> [What the task requires]
Below are some records; output exactly the lines from the line with "255 Mercer St #3" to the line with "Slide: The Image", both ends kept, and nothing more.

> [Dataset extract]
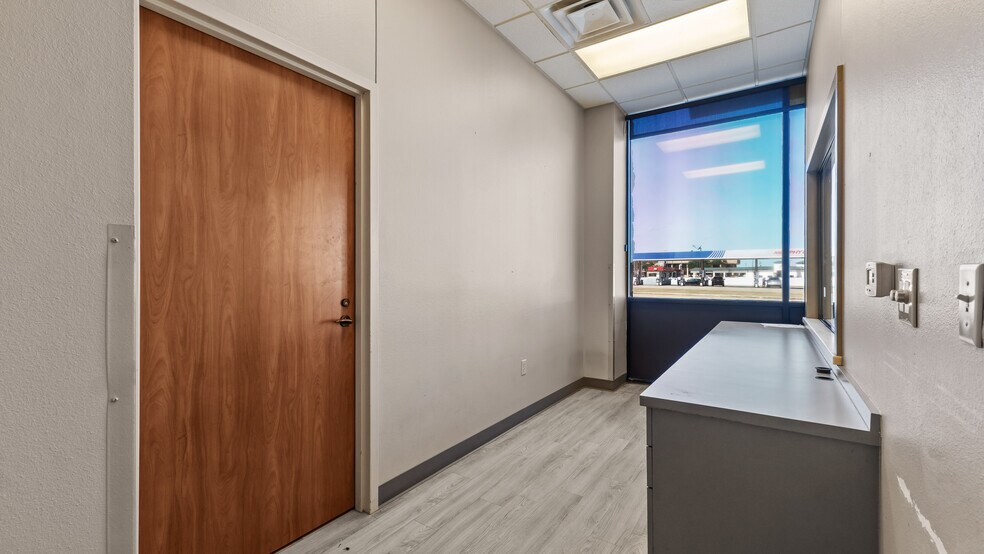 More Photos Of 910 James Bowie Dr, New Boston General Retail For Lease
* * *
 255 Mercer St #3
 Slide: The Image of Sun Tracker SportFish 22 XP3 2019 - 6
--
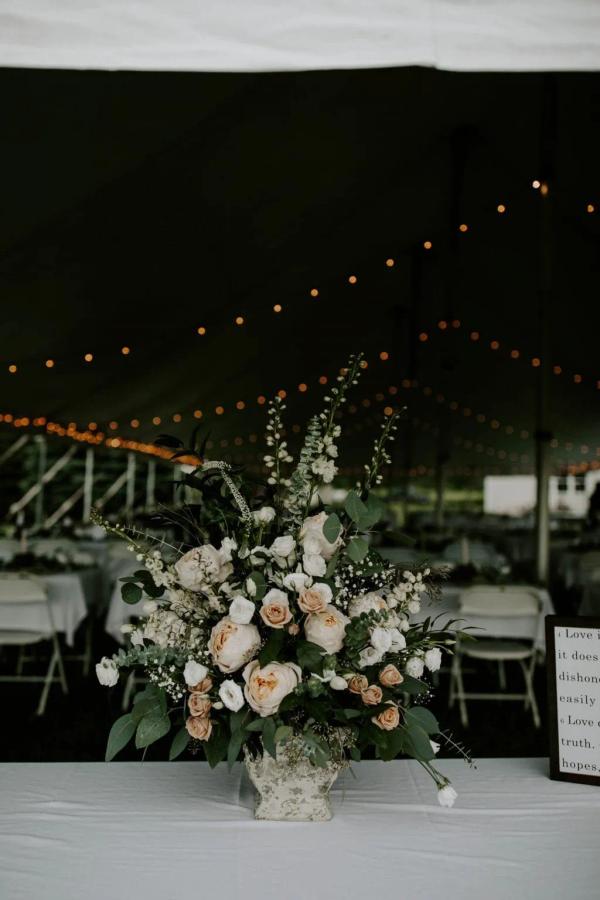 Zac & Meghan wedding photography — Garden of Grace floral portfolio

> [Result of this exercise]
 255 Mercer St #3
 Slide: The Image of Sun Tracker SportFish 22 XP3 2019 - 6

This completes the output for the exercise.